**Data shown:**
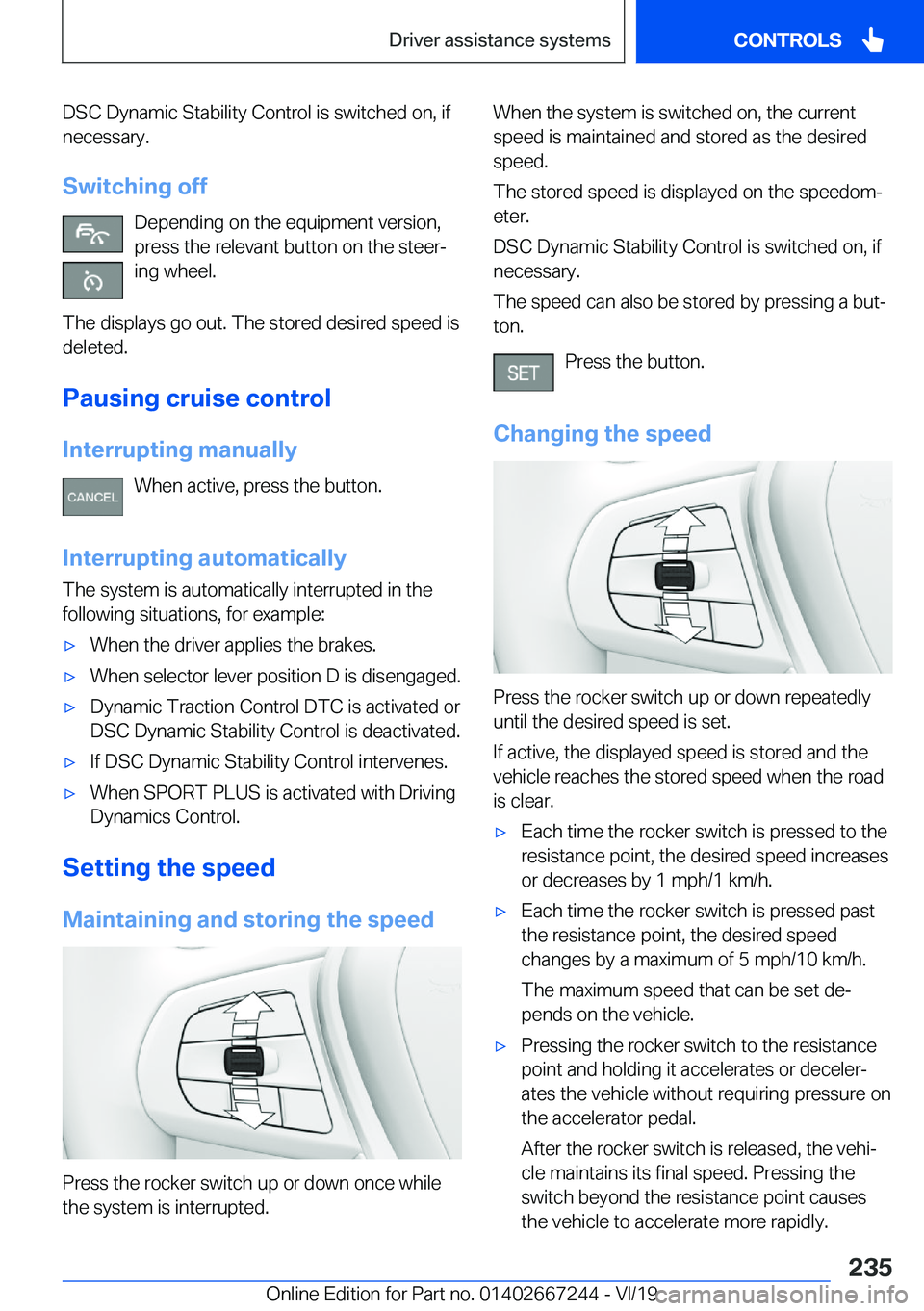 BMW X7 2020  Owners Manual �D�S�C��D�y�n�a�m�i�c��S�t�a�b�i�l�i�t�y��C�o�n�t�r�o�l��i�s��s�w�i�t�c�h�e�d��o�n�,��i�f
�n�e�c�e�s�s�a�r�y�.
�S�w�i�t�c�h�i�n�g��o�f�f �D�e�p�e�n�d�i�n�g��o�n��t�h�e��e�q�u�i�p�m�e�n�t��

**Goal of the exercise:** Every line of the data above is to be set down exactly; the pictures are not.

**Reply:**
 BMW X7 2020  Owners Manual �D�S�C��D�y�n�a�m�i�c��S�t�a�b�i�l�i�t�y��C�o�n�t�r�o�l��i�s��s�w�i�t�c�h�e�d��o�n�,��i�f
�n�e�c�e�s�s�a�r�y�.
�S�w�i�t�c�h�i�n�g��o�f�f �D�e�p�e�n�d�i�n�g��o�n��t�h�e��e�q�u�i�p�m�e�n�t��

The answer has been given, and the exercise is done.